# Data Cleaning
Ingest the raw `penguins_Iter.csv` datafile and prepare it for further analysis.

`penguins_Iter.csv` include: size measurements, clutch observations, and blood isotope ratios for 344 adult foraging Adélie, Chinstrap, and Gentoo penguins observed on islands in the Palmer Archipelago near Palmer Station, Antarctica. Data were collected and made available by Dr. Kristen Gorman and the Palmer Station, Antarctica Long Term Ecological Research (LTER) Program.

**Gorman KB, Williams TD, Fraser WR** (2014) Ecological Sexual Dimorphism and Environmental Variability within a Community of Antarctic Penguins (Genus Pygoscelis).
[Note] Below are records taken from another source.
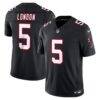 Drake London Atlanta Falcons Nike Alternate Throwback Vapor F.U.S.E. Stitched Limited Jersey - Black - Front View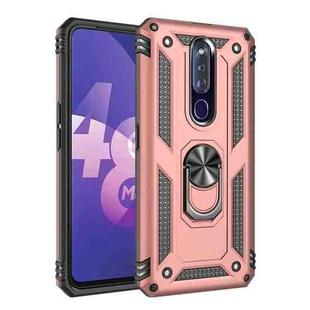 For OPPO F11 Pro Shockproof TPU + PC Protective Case with 360 Degree Rotating Holder(Rose Gold)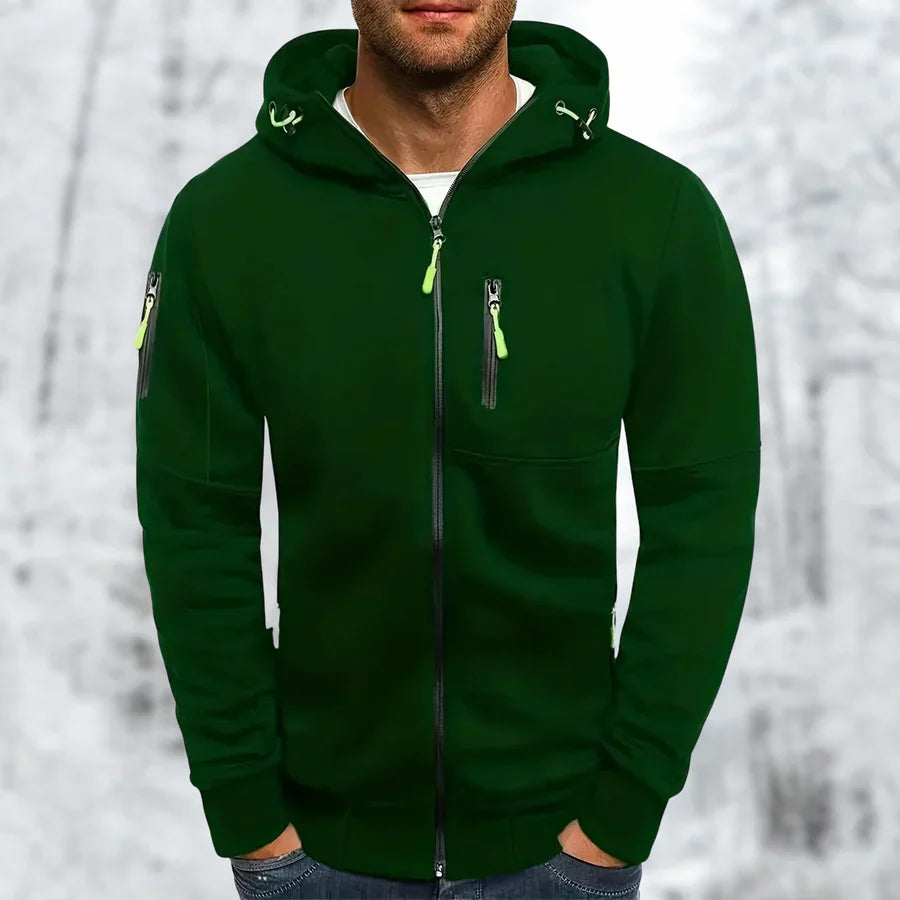Men's Hoodie Jacket With Practical Zipper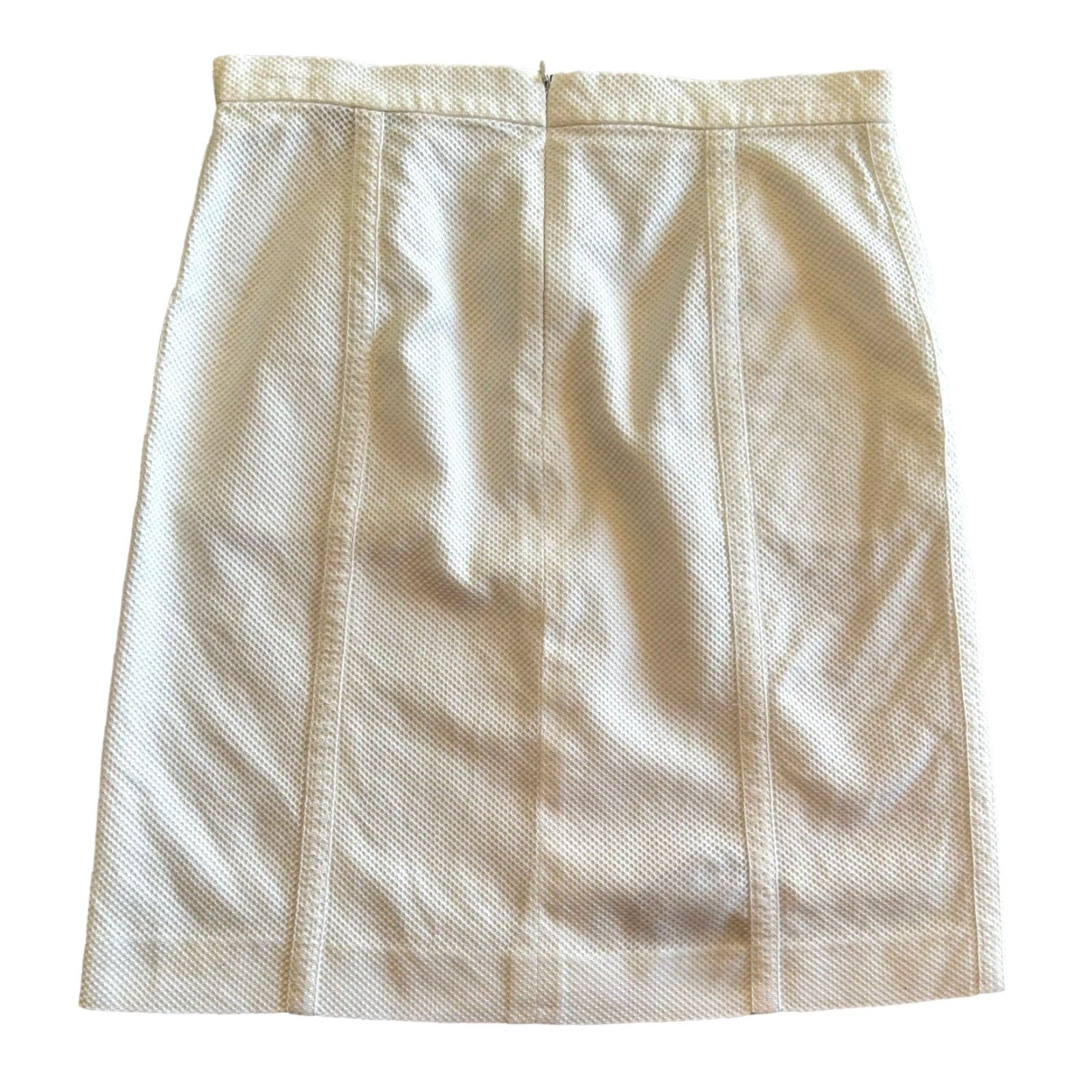 Vintage Barneys New York Women's White Pencile Straight Skirt Sz 8/42 Made In Italy City Knee Length Zipper Lined Size 30" / US 8 / IT 44 - 5 Thumbnail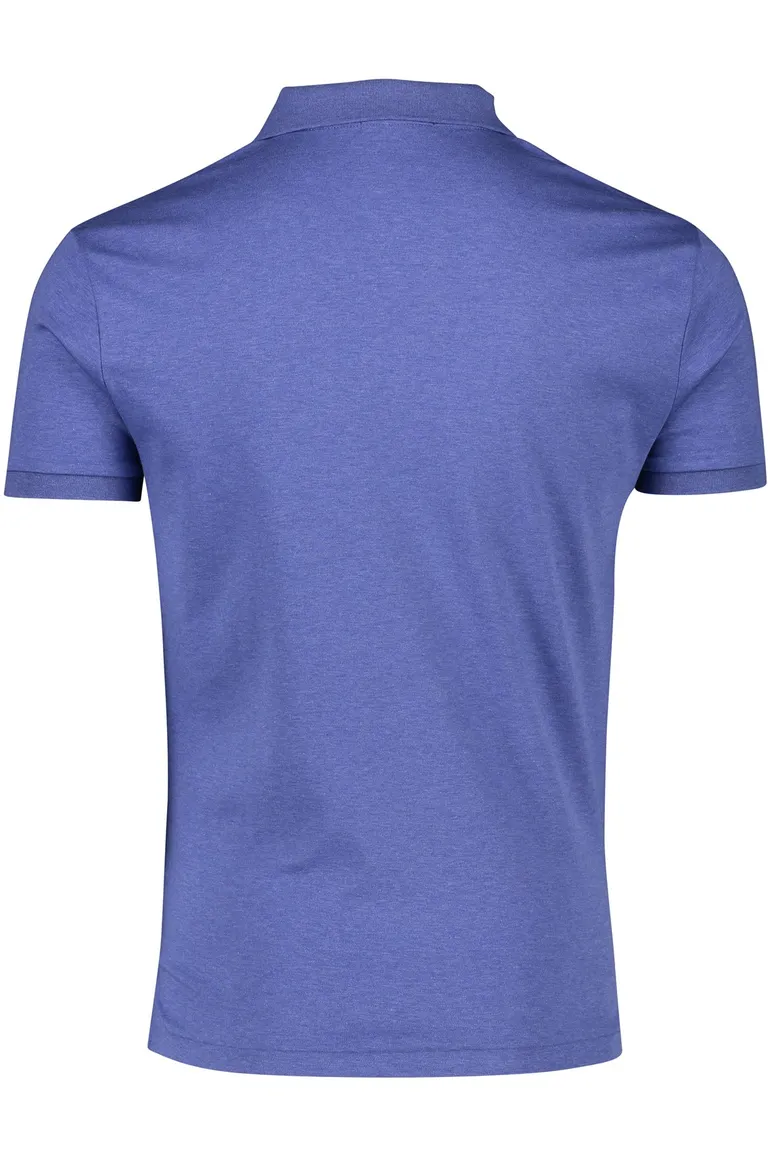 Katoenen Polo Ralph Lauren polo custom slim fit blauw gemêleerd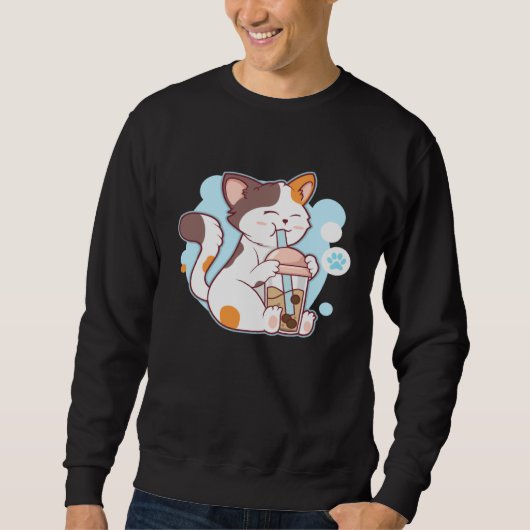 Cute Cat Drinking Bubble Tea Tea Costume Sweatshirt (Vorderseite)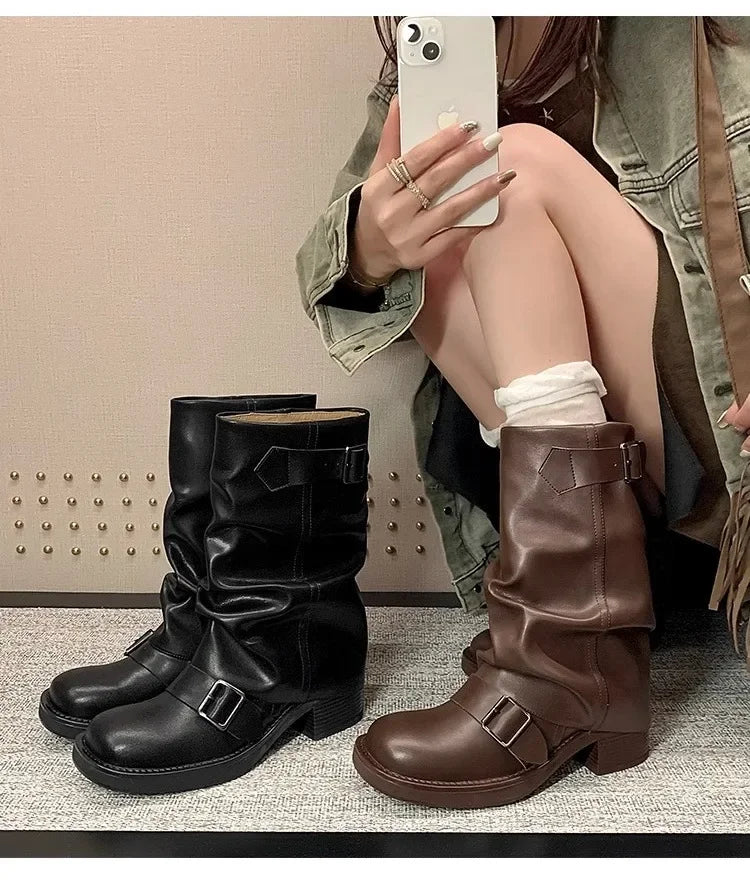PLEATED BUCKLE LEATHER BOOTS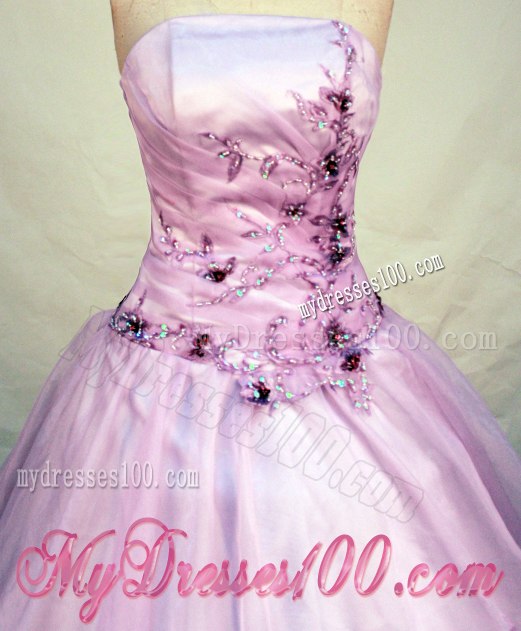 Pretty Strapless Ball Gown Sweet 16 Party Dresses with Appliques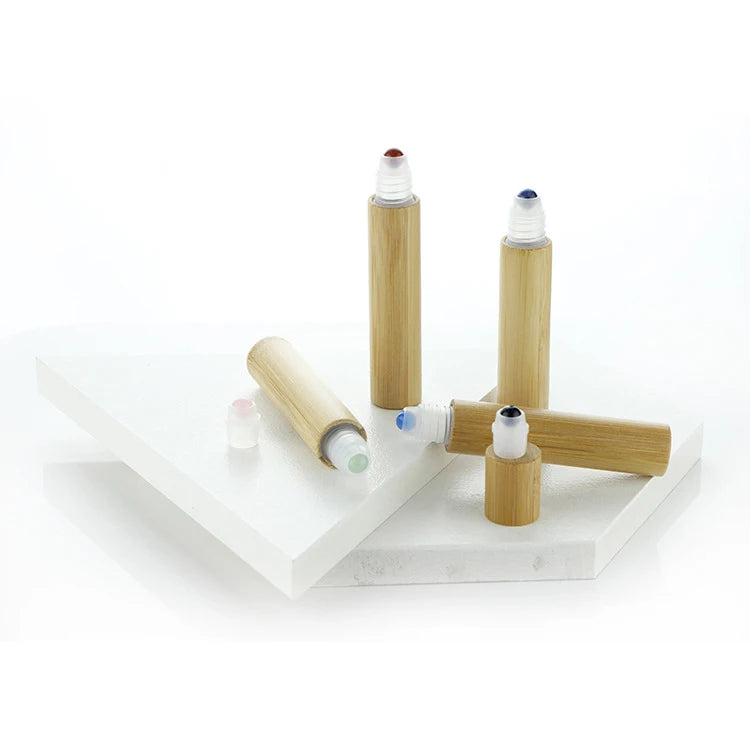 2025 Factory Hot Sale Bamboo Roller Bottles Essential Oil with Top clear Glass Dropper Bottle Lid Korean Skin Care k Beauty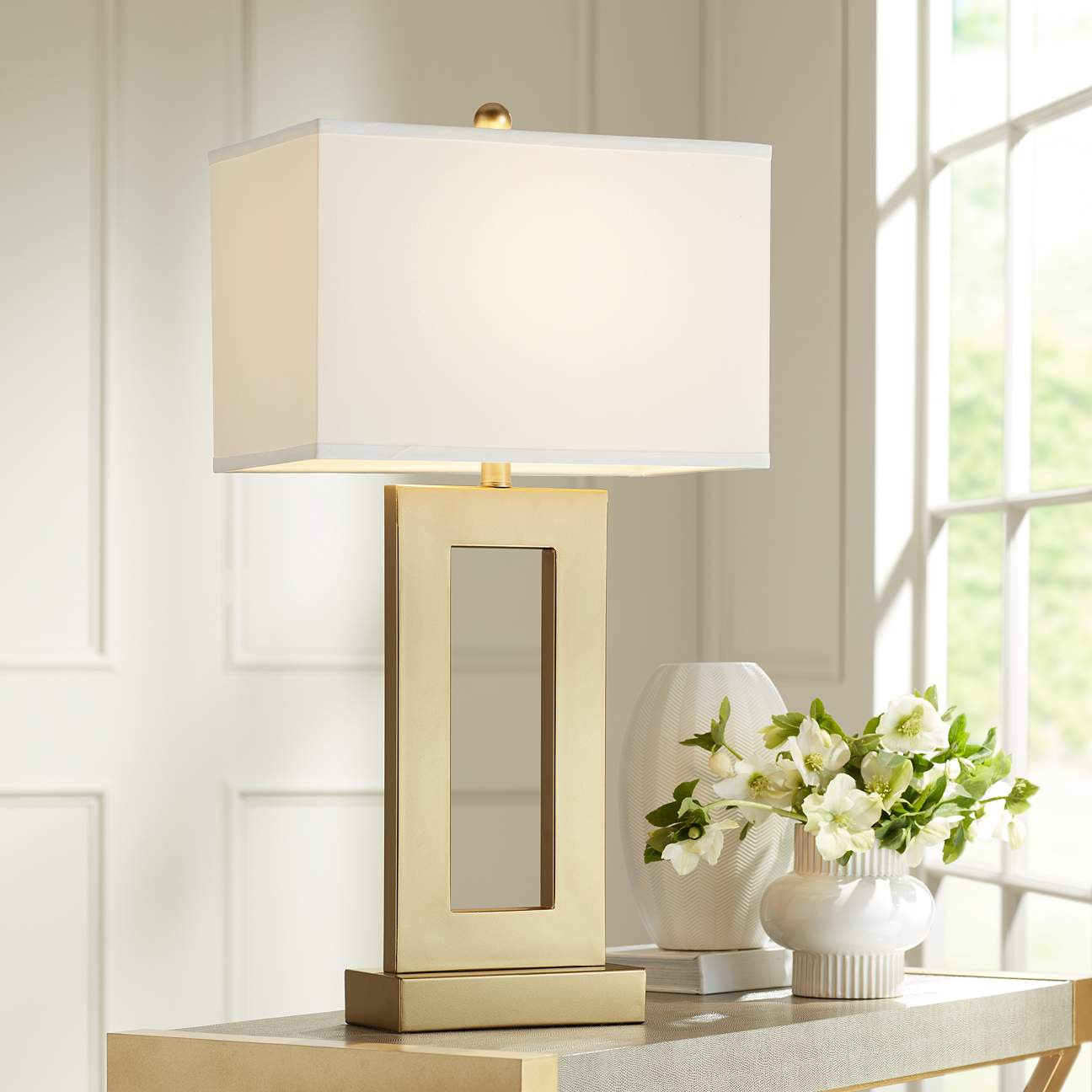 Marshall Modern Luxe Gold Finish Open Rectangle Table Lamp - #93A95 | Lamps Plus | Lamps Plus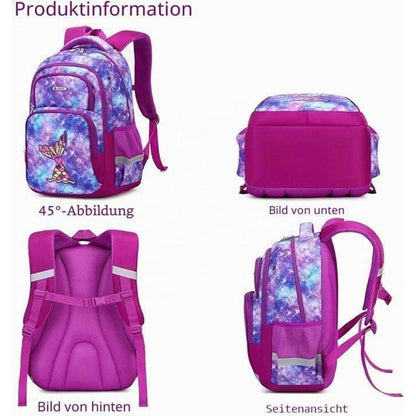 Kinderrucksack Meerjungfrau 3er-Set Lila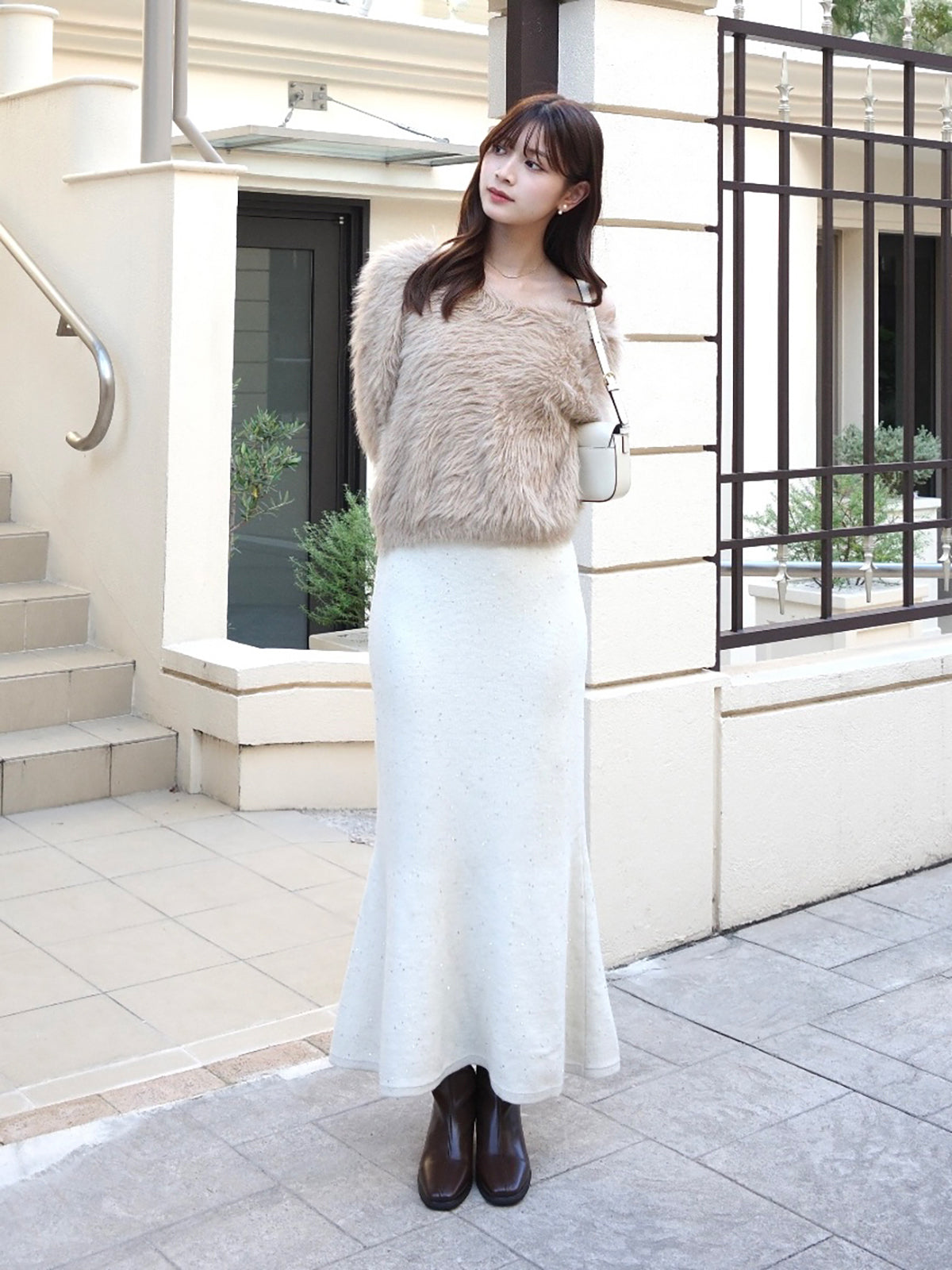 ラメスパンコールマーメイドニットスカート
PLoS ONE 9(3): e90081. https://doi.org/10.1371/journal.pone.0090081

## Subset Data

In [99]:
import pandas as pd
raw_penguins_df = pd.read_csv("../data/raw/penguins_lter.csv")
variables_to_keep = ["Species", 
                     "Island", 
                     "Flipper Length (mm)",
                     "Culmen Length (mm)",
                     "Culmen Depth (mm)",
                     "Body Mass (g)", 
                     "Sex"]
penguins_df = raw_penguins_df[variables_to_keep]
penguins_df.head()

Unnamed: 0,Species,Island,Flipper Length (mm),Culmen Length (mm),Culmen Depth (mm),Body Mass (g),Sex
0,Adelie Penguin (Pygoscelis adeliae),Torgersen,181.0,39.1,18.7,3750.0,MALE
1,Adelie Penguin (Pygoscelis adeliae),Torgersen,186.0,39.5,17.4,3800.0,FEMALE
2,Adelie Penguin (Pygoscelis adeliae),Torgersen,195.0,40.3,18.0,3250.0,FEMALE
3,Adelie Penguin (Pygoscelis adeliae),Torgersen,,,,,
4,Adelie Penguin (Pygoscelis adeliae),Torgersen,193.0,36.7,19.3,3450.0,FEMALE


## Standardize Variable Names

In [None]:
penguins_df.rename(columns = {'Species':'species', 
                              'Island':'island', 
                              'Flipper Length (mm)':'flipper_length_mm',
                              'Culmen Length (mm)':'bill_length_mm',
                              'Culmen Depth (mm)':'bill_depth_mm',
                              'Body Mass (g)':'body_mass_g',
                              'Sex':'sex'},inplace=True)
penguins_df.head()

## Rename Species
Rename species from scientific name to common name, for example `Adelie Penguin (Pygoscelis adeliae)` is renamed to `Adelie`.


In [101]:
species = penguins_df.species.unique().tolist()
species_common = ["Adelie",
                 "Chinstrap",
                 "Gentoo"]
penguins_df.loc[:,'species'] = penguins_df.loc[:,'species'].replace(species, species_common)
penguins_df.head()

Unnamed: 0,species,island,flipper_length_mm,bill_length_mm,bill_depth_mm,body_mass_g,sex
0,Adelie,Torgersen,181.0,39.1,18.7,3750.0,MALE
1,Adelie,Torgersen,186.0,39.5,17.4,3800.0,FEMALE
2,Adelie,Torgersen,195.0,40.3,18.0,3250.0,FEMALE
3,Adelie,Torgersen,,,,,
4,Adelie,Torgersen,193.0,36.7,19.3,3450.0,FEMALE


## Save Cleaned Data

In [102]:
penguins_df.to_csv('../data/cleaned/penguins_cleaned.csv', index=False)